Planuje się, że w skład zarządu funduszu wejdą były premier Erwin Selering (SPD), były poseł z CDU Werner Kuhn i przedsiębiorczyni z Greifswaldu Katja Enderlein. Ponadto fundusz będzie miał dwóch dyrektorów zarządzających: jednego na potrzeby funduszu, drugiego na potrzeby działalności gospodarczej.
Celem funduszu jest wspieranie „projektów ochrony klimatu i przyrody” w kraju związkowym, w którym ma zostać ukończona budowa Nord Stream - 2. Według gazety, operator projektu Nord Stream 2 jest gotowy wnieść 20 milionów euro na prace funduszu.
Fundusz zamierza wspierać firmy, które mogą zostać objęte sankcjami USA wobec Nord Stream 2. W szczególności fundusz planuje przyjmować od uczestniczących firm „materiały budowlane” niezbędne do realizacji projektu do czasu nałożenia sankcji i „pełnić funkcję magazynu” - podaje gazeta.
Wiadomo też, że operator Nord Stream 2 przeznaczy 60 milionów euro dla funduszu na północy Niemiec na projekty charytatywne.
Z kolei Nord Stream 2, spółka zależna rosyjskiego koncernu państwowego Gazprom, przeznaczy 60 milionów euro na projekty charytatywne funduszu - podaje gazeta. Środki te zostaną przekazane w ciągu 20 lat.
„Dwadzieścia milionów euro zostanie przekazanych na początku” - podała gazeta, cytując premier kraju Manuelę Schwesig.
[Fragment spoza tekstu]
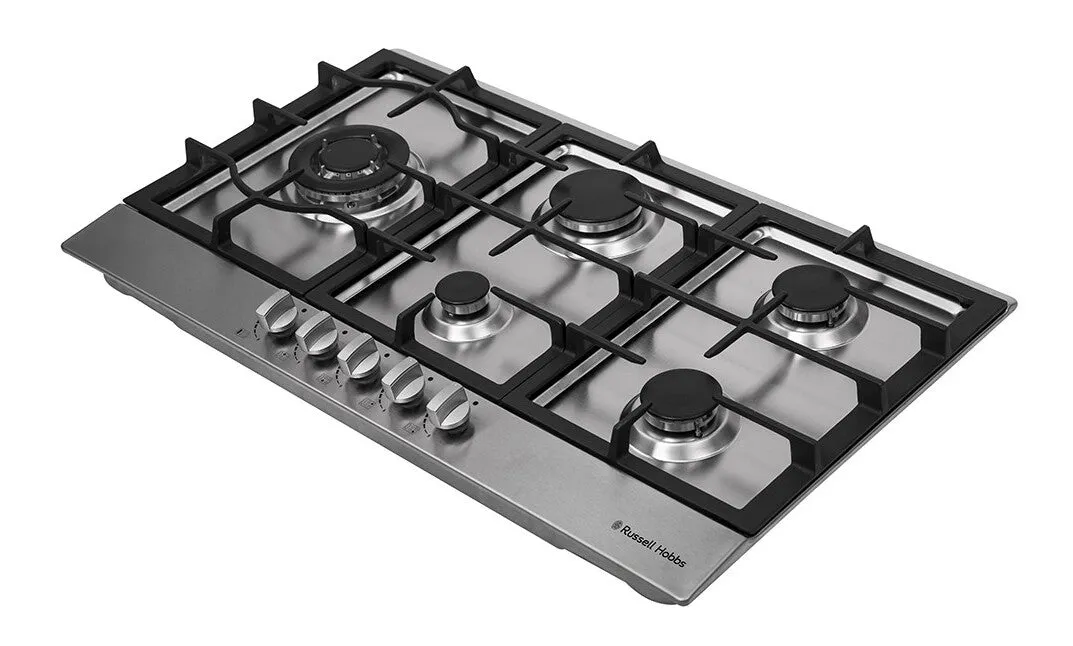 Russell Hobbs RH75GH601SS hob Black, Stainless steel Built-in 75 cm Gas 5 zone(s)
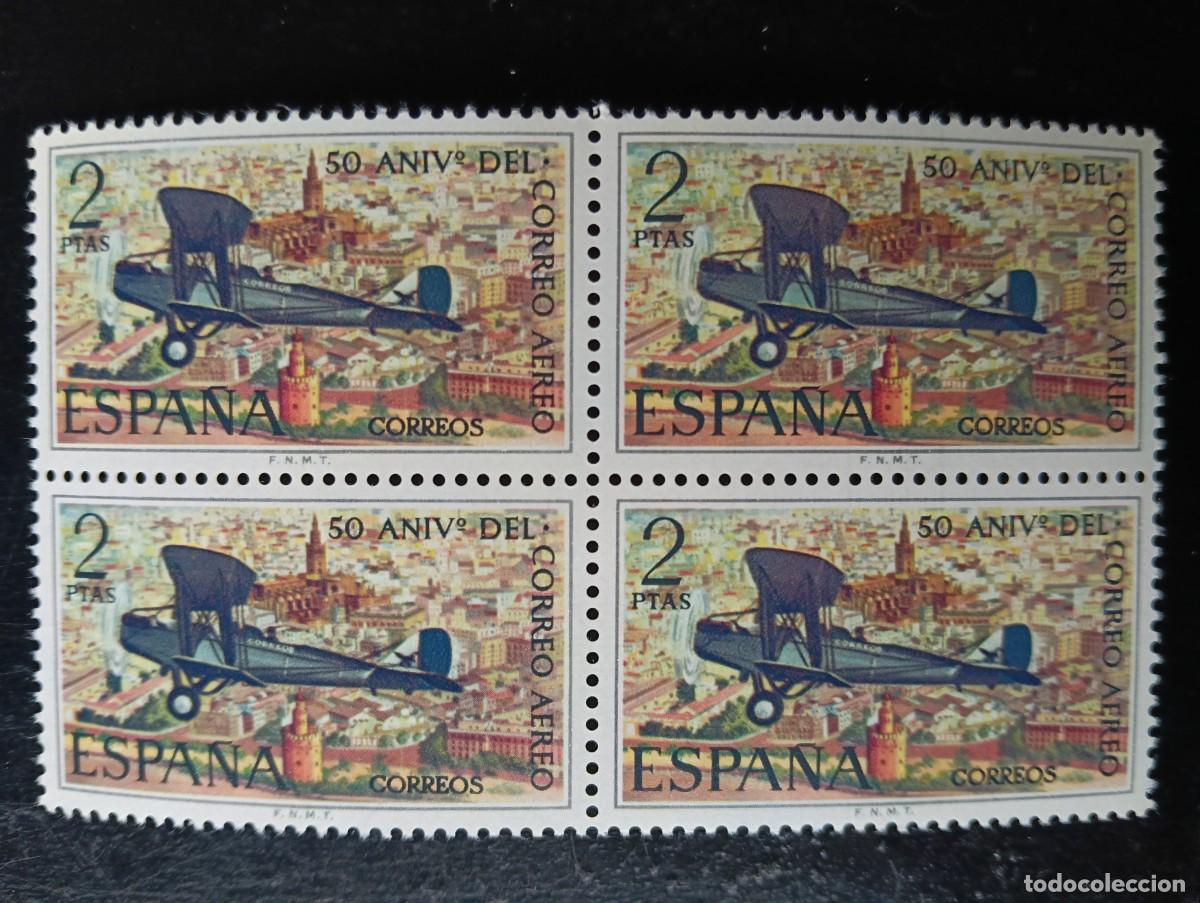 Sellos: Espa&ntilde;a 1971 - Edifil 2059 - L aniversario del correo a&eacute;reo. De Havilland DH-9 - Bloque de 4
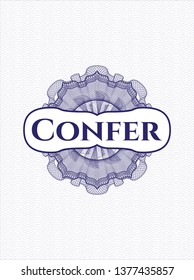 Blue abstract rosette with text Confer inside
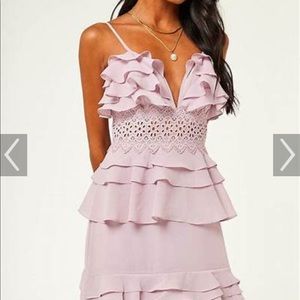Wolf and Badger: Dusty Lilac Plunge Front Tiered LIKE NEW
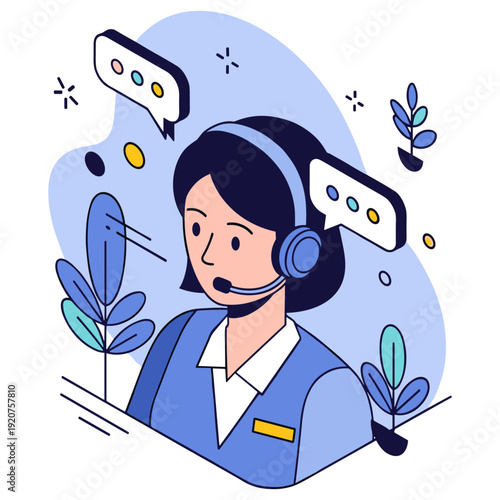 Female call center representative with headset in modern flat design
Projektowi aktywnie sprzeciwiają się Stany Zjednoczone, które promują swój skroplony gaz ziemny w UE, a także Ukraina i szereg krajów europejskich. W grudniu 2019 roku USA nałożyły sankcje na gazociąg, w wyniku których szwajcarska Allseas została zmuszona do zaprzestania jego budowy.
W grudniu 2020 roku wznowiono budowę gazociągu, a teraz - zdaniem ekspertów – Nord Stream 2 zostanie dokończony w ciągu kilku miesięcy.